La sencillez del verso, enfatizando el poder evocador del ritmo popular, encierra, no obstante, un complejo crisol de experiencias compartidas con el lector que reconoce en el trabajo de Ramón García Mateos esa sobrecogedora presencia de la naturaleza en lo cotidiano, en las rutinas del juego, en la memoria ancestral de quien canta al niño generación tras generación, como si el símbolo, la palabra dicha a partir de la contemplación del paisaje, pudieran invocar la espontaneidad, el sobresalto, la danza en torno al fuego, los dibujos de tiza, la estrofa que sostiene la memoria pese a los años: "Aire que me lleva el aire/ en tu sonrisa volandera/ tu risa de niña blanca/ aire que el aire me lleva" (pág. 15).

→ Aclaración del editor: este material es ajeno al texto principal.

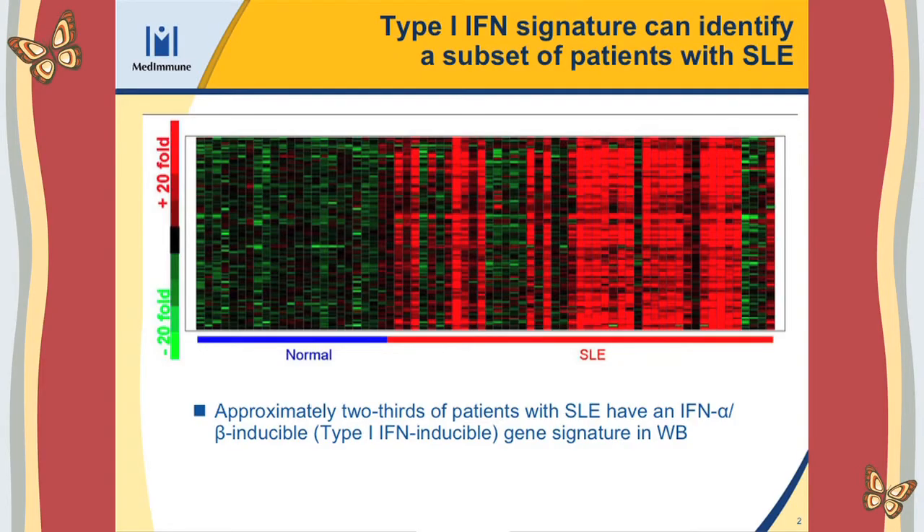What we found using these genomic and mRNA technologies is that approximately 70% of patients suffering with lupus have an excess of inducible interferon genes in their whole blood. This is of high interest because it may open the way to personalized medicine to treat patients with lupus. For example, you could develop a diagnostic test, use it on patients, and see if patients with high expression of inducible interferon genes could be better responders to this kind of antibody. It's a work in progress, but it's a personalized approach.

Las rimas se dejan llevar por la cadencia de la propia palabra, sin ambages, sin excesos de adjetivación, sin necesidad de explicar el mundo desde los detalles, sino desde la propia carnalidad, desde su esencia primigenia, recurriendo a símbolos comunes en muchas canciones populares, en muchas rimas de pliegos sueltos: "Eres blanco silencio/ de luz y luna/ como paloma al viento/ su voz te arrulla" (pág. 8). De hecho, las ilustraciones de Fernando Vicente describen ese mundo con un trazo espontáneo, casual, sin pretensiones de adorno o simbólicas. Los niños, las hojas, las manos, los caminos, por ejemplo, se convierten en esas representaciones, más acá de lo simbólico, nada distantes, reconocidas por todos, para que las canciones de García Mateos rescaten, desde su ardua sencillez, el perdido mundo que tanto añoramos según pasan los años, aunque la infancia haya sido una infancia dura y merecedora del olvido: "Dale el aire al laurel/ se le secó la rama/ y no pudo florecer./ Cuentan que hubo una dama/ más hermosa que el sol/ argentada de amores/ desdicha y aflicción" (pág. 23).